* What to do *
All of the records below are to be printed exactly; the pictures are to be left out.

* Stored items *
[Start of section]

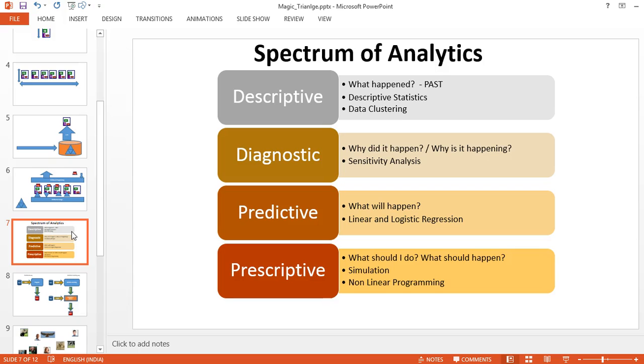For example, predictive and prescriptive analytics is an advanced stage of analytics where we prescribe the right product to the customer and the right change to the organization for highest efficiency. Descriptive analytics is about what happened in the past.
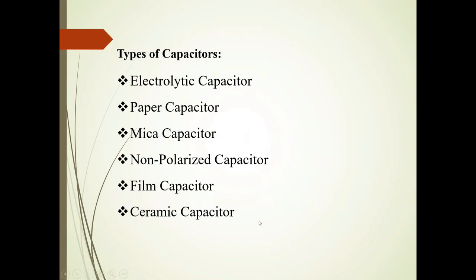So friends, types of capacitors: electrolytic capacitor, paper capacitor, mica capacitor, non-polarized capacitor, film capacitor, ceramic capacitor.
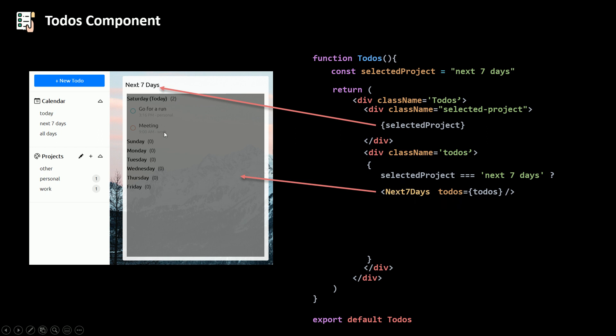So some filtering, sorting, all the to-dos based on the day, and then show them to the user.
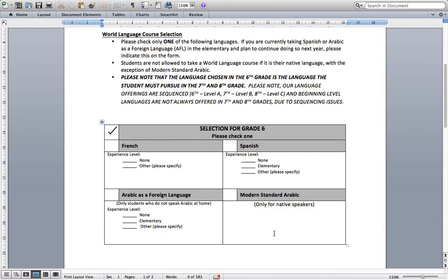Our language offerings are sequenced, which means in Grade 6 we offer Level A languages, in 7th grade Level B, and 8th grade Level C. Beginning level languages are not always offered in the 7th and 8th grade classes due to sequencing issues. So if you start with French in Grade 6 and you want to switch to Spanish in Grade 7, that option may not be there. So please choose your foreign language with care.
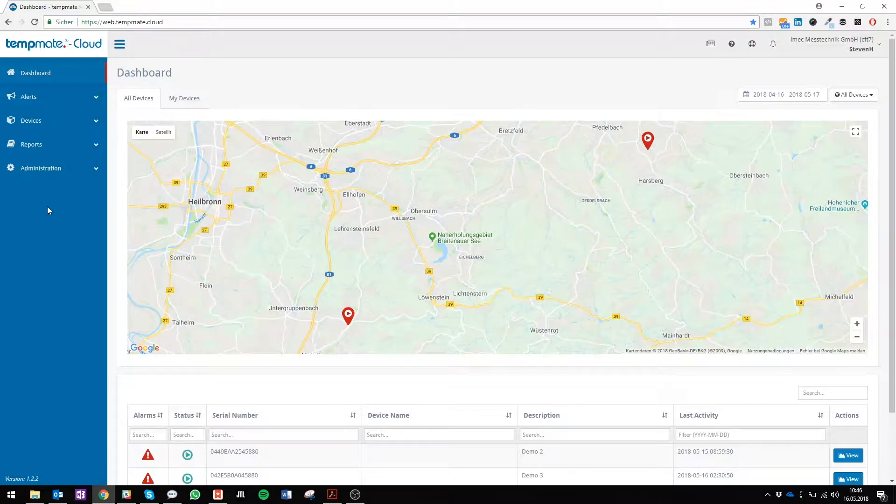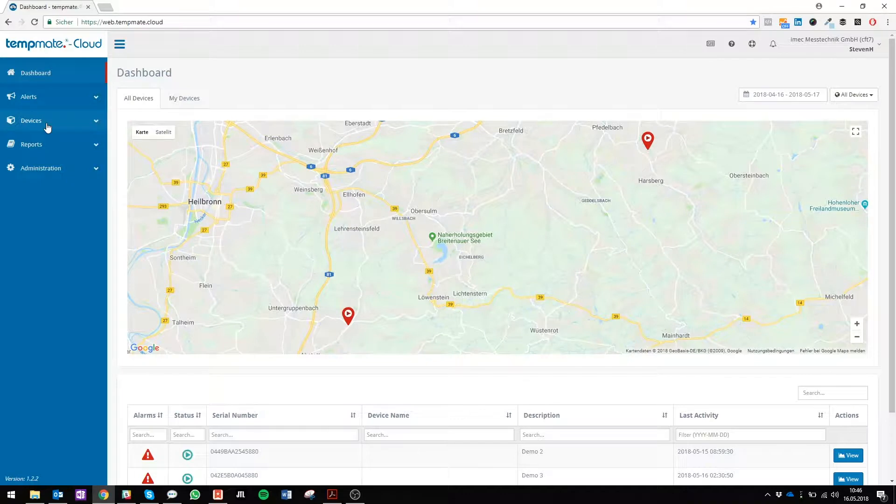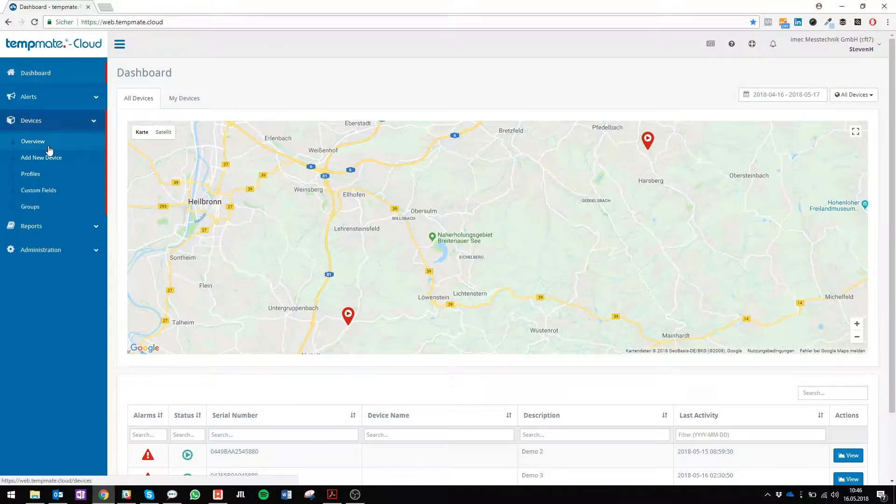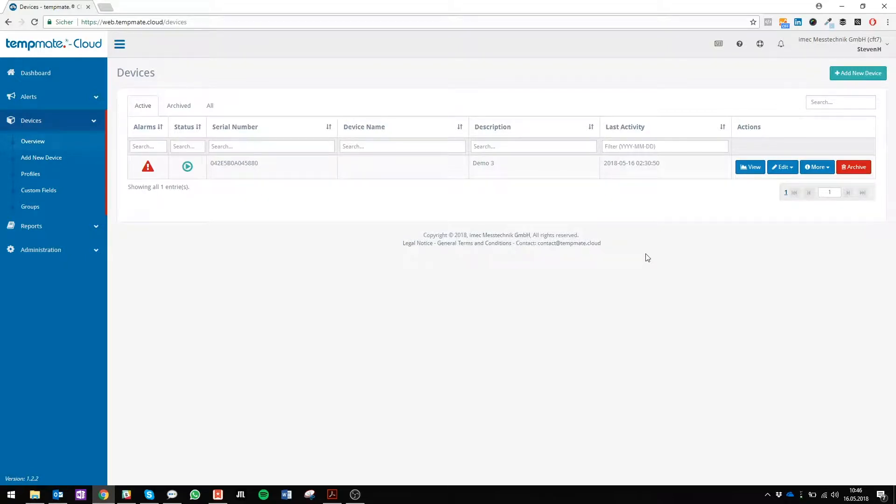If you want to analyze your data, first you go to devices and click on overview. Here you can see all your devices that are running or not running.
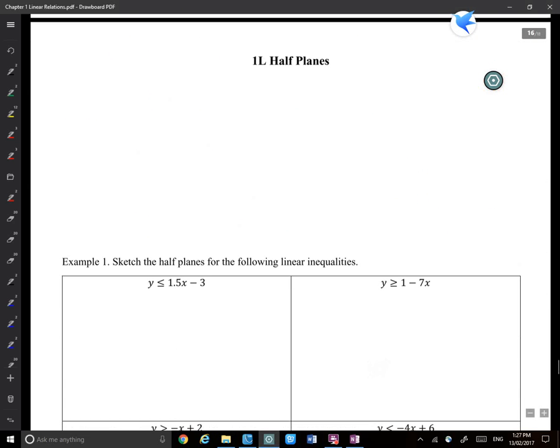For half planes — what is a half plane? A half plane is when you sketch linear inequalities represented on the Cartesian plane. There are some shading areas to deal with linear inequalities. For example, y greater than x, or y greater than 2x plus 1. So it's linear but it's a linear inequality.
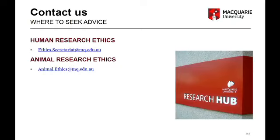Does anyone have any questions? Good luck. Thank you very much.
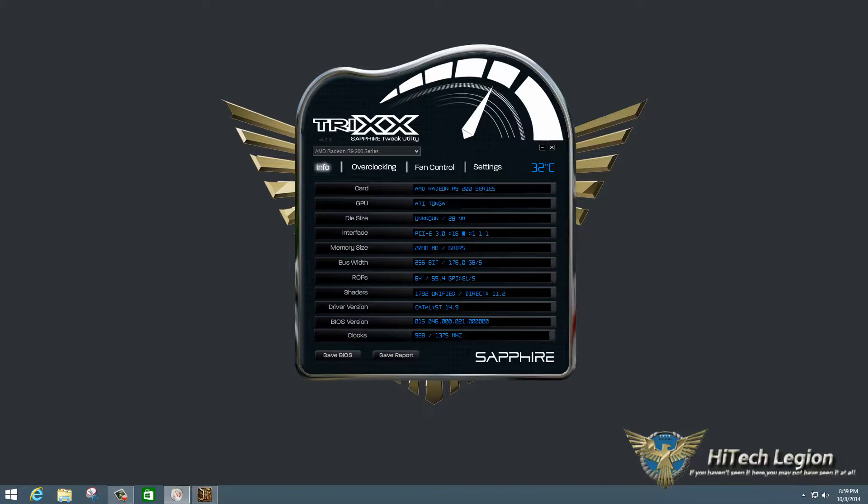And in this video, we're going to be performance tuning the Sapphire Radeon R9 285 ITX Compact OC Edition graphics card using the Sapphire TriXX Tweak Utility.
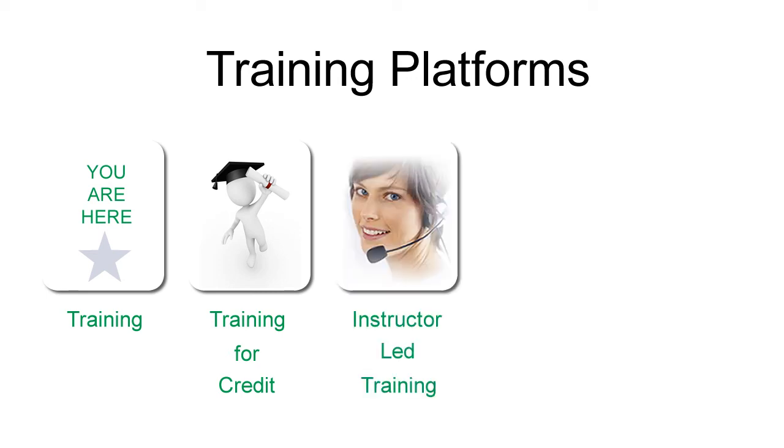We also have instructor-led training. This is our highest level of service. Training experts customize the sessions to meet your needs and offer continuing education credits.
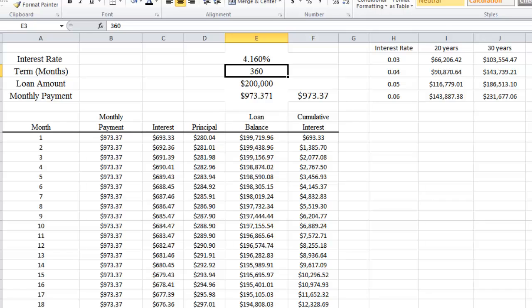The nice thing about the APR is that it allows you to compare loans. So if one loan has an APR of 4.16% and another has an APR of 4.26%, you would prefer the loan with the APR of 4.16%. That completes our presentation on how to calculate a mortgage in Excel.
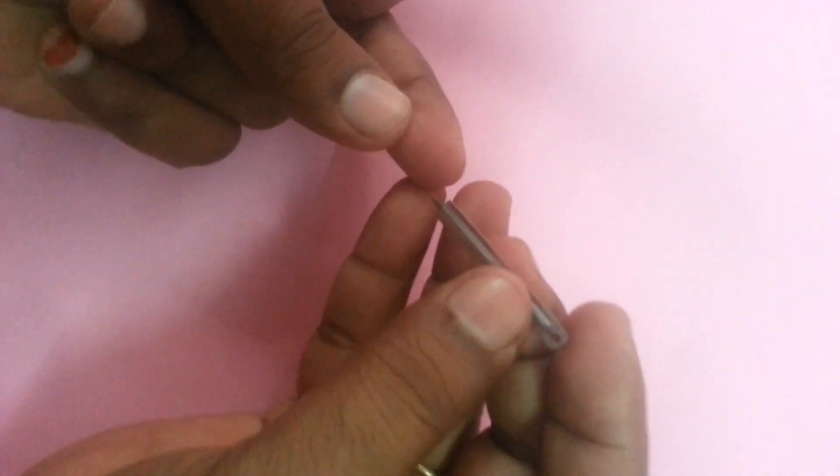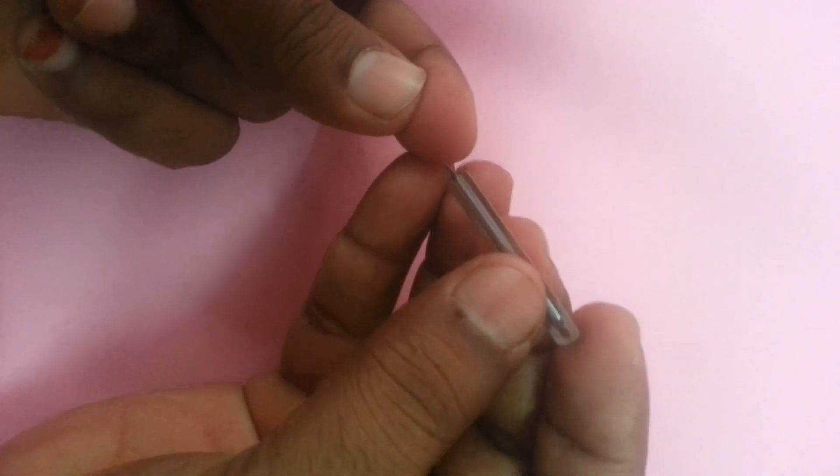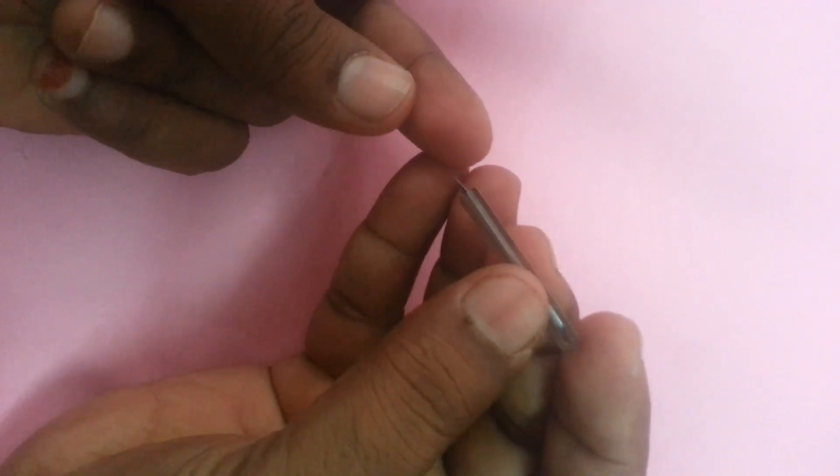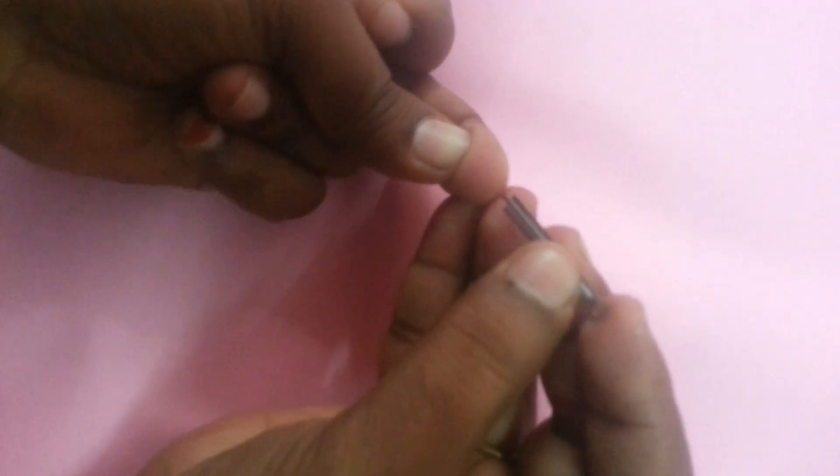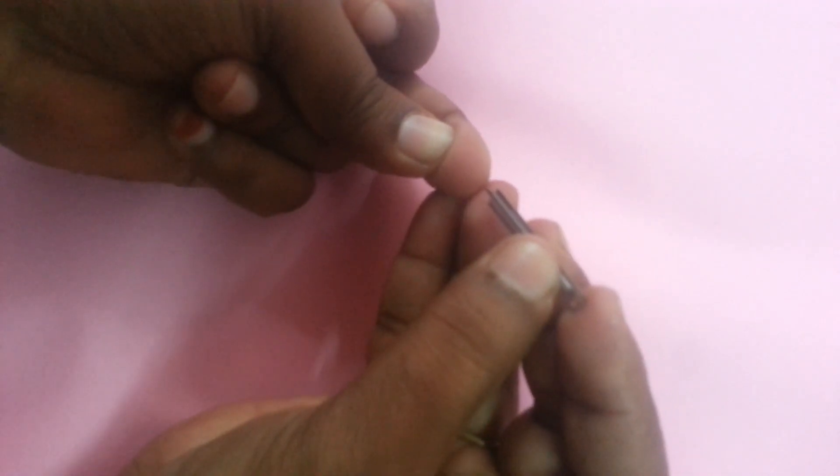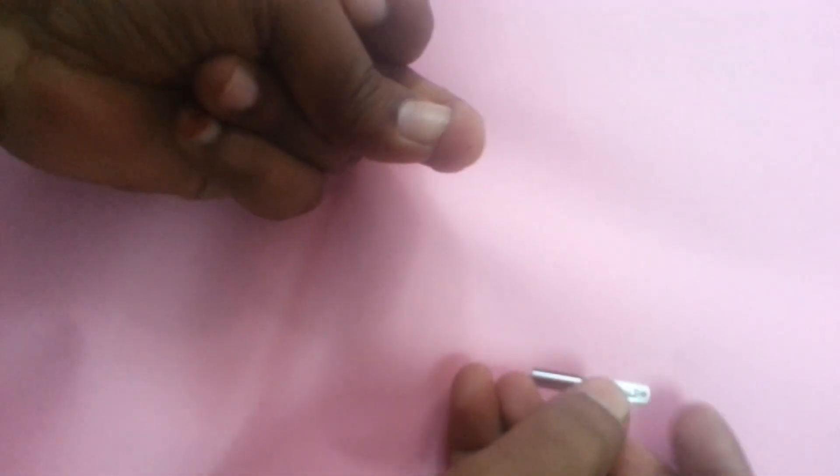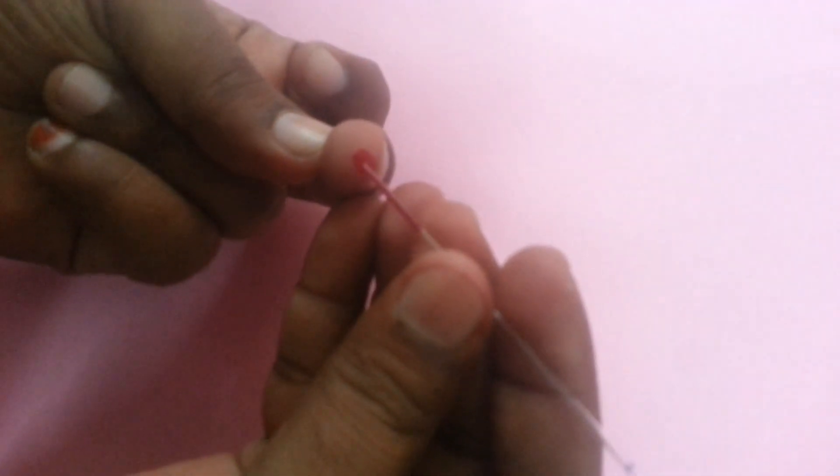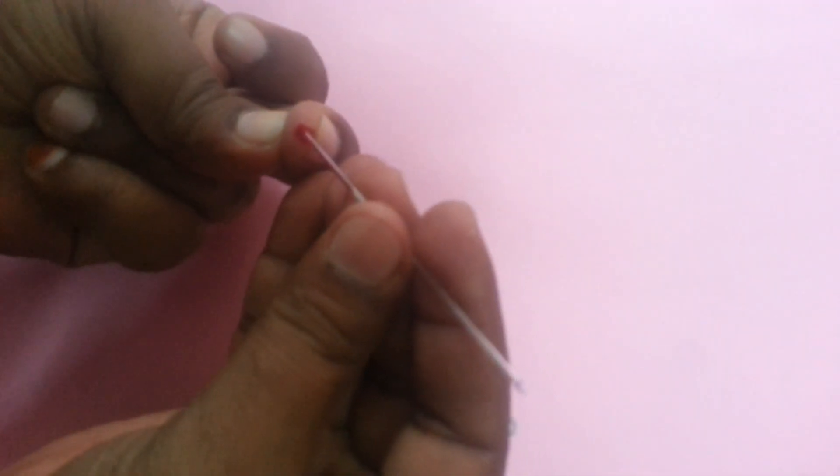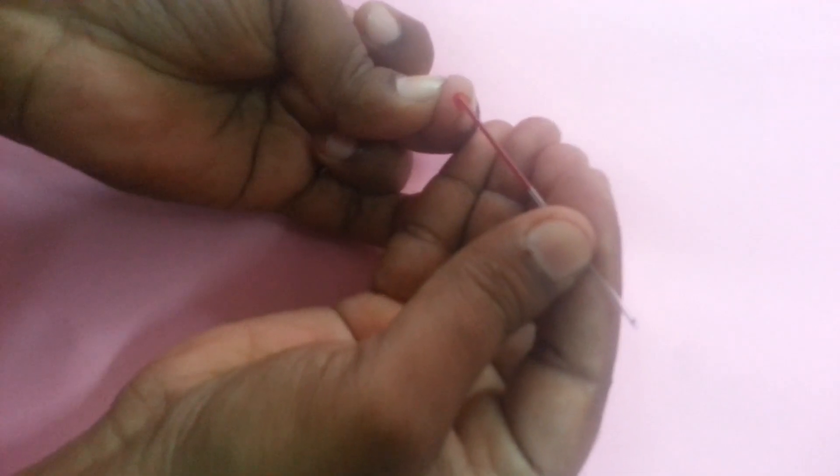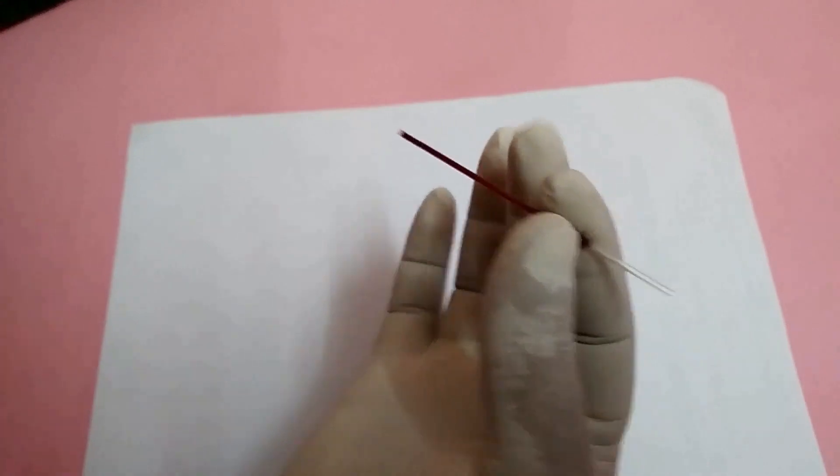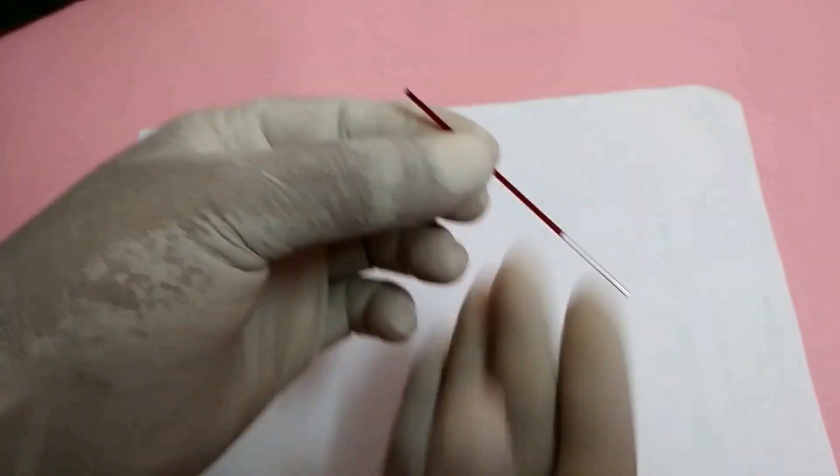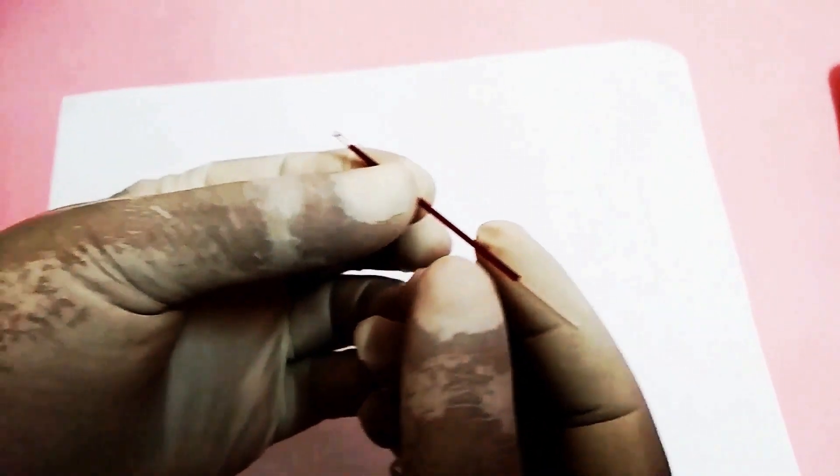Collect blood in capillary tube. Here we can see blood is filling in capillary tube due to capillary action.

[End of section]

* Task output *
For example, predictive and prescriptive analytics is an advanced stage of analytics where we prescribe the right product to the customer and the right change to the organization for highest efficiency. Descriptive analytics is about what happened in the past.
So friends, types of capacitors: electrolytic capacitor, paper capacitor, mica capacitor, non-polarized capacitor, film capacitor, ceramic capacitor.
So some filtering, sorting, all the to-dos based on the day, and then show them to the user.
Our language offerings are sequenced, which means in Grade 6 we offer Level A languages, in 7th grade Level B, and 8th grade Level C. Beginning level languages are not always offered in the 7th and 8th grade classes due to sequencing issues. So if you start with French in Grade 6 and you want to switch to Spanish in Grade 7, that option may not be there. So please choose your foreign language with care.
If you want to analyze your data, first you go to devices and click on overview. Here you can see all your devices that are running or not running.
For half planes — what is a half plane? A half plane is when you sketch linear inequalities represented on the Cartesian plane. There are some shading areas to deal with linear inequalities. For example, y greater than x, or y greater than 2x plus 1. So it's linear but it's a linear inequality.
Does anyone have any questions? Good luck. Thank you very much.
And in this video, we're going to be performance tuning the Sapphire Radeon R9 285 ITX Compact OC Edition graphics card using the Sapphire TriXX Tweak Utility.
We also have instructor-led training. This is our highest level of service. Training experts customize the sessions to meet your needs and offer continuing education credits.
The nice thing about the APR is that it allows you to compare loans. So if one loan has an APR of 4.16% and another has an APR of 4.26%, you would prefer the loan with the APR of 4.16%. That completes our presentation on how to calculate a mortgage in Excel.
Collect blood in capillary tube. Here we can see blood is filling in capillary tube due to capillary action.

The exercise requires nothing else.